#### Material shown

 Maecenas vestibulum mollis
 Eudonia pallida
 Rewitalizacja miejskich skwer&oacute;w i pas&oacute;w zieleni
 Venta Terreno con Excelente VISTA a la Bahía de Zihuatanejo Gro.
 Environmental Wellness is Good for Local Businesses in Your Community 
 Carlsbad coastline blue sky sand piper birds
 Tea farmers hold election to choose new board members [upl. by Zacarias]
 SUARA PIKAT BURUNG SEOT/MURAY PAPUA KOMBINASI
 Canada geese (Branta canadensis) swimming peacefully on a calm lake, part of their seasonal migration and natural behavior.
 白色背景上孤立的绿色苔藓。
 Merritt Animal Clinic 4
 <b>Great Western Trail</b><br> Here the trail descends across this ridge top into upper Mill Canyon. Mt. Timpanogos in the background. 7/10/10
* * *
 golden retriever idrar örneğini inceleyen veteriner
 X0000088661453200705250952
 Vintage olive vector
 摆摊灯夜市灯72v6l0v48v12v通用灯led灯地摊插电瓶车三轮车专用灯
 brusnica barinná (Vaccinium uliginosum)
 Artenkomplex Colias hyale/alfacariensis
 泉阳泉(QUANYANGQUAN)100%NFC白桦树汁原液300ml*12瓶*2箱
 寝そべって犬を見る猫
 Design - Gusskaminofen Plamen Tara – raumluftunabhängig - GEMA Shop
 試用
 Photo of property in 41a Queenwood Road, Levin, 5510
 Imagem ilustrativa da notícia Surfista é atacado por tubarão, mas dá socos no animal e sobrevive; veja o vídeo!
--
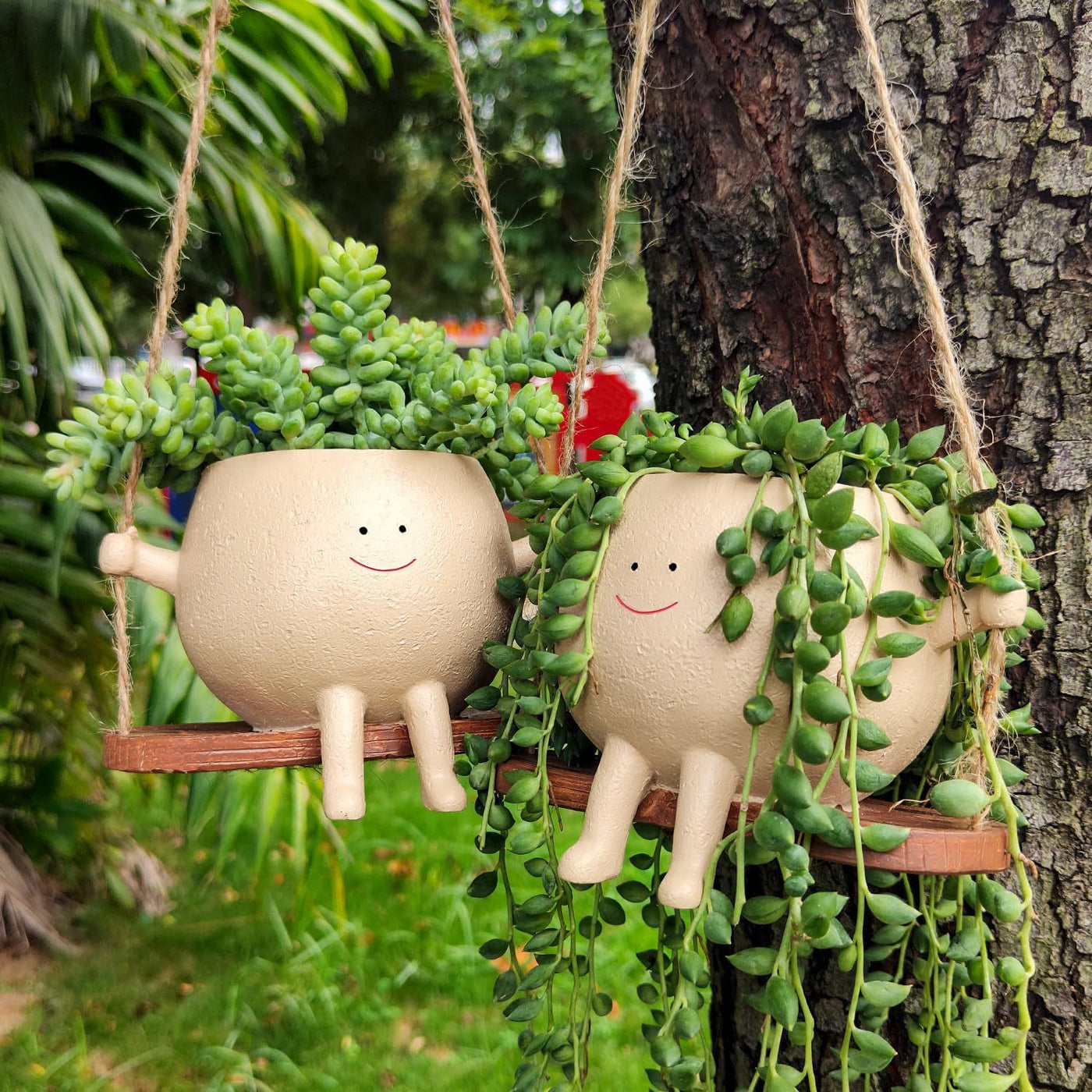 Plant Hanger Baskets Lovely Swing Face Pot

#### Task description
Among the entries above, locate the lines containing "Rewitalizacja miejskich skwer&oacute;w" and "<b>Great Western Trail</b><br>", and transcribe exactly those two lines and all lines between.

#### Solution
 Rewitalizacja miejskich skwer&oacute;w i pas&oacute;w zieleni
 Venta Terreno con Excelente VISTA a la Bahía de Zihuatanejo Gro.
 Environmental Wellness is Good for Local Businesses in Your Community 
 Carlsbad coastline blue sky sand piper birds
 Tea farmers hold election to choose new board members [upl. by Zacarias]
 SUARA PIKAT BURUNG SEOT/MURAY PAPUA KOMBINASI
 Canada geese (Branta canadensis) swimming peacefully on a calm lake, part of their seasonal migration and natural behavior.
 白色背景上孤立的绿色苔藓。
 Merritt Animal Clinic 4
 <b>Great Western Trail</b><br> Here the trail descends across this ridge top into upper Mill Canyon. Mt. Timpanogos in the background. 7/10/10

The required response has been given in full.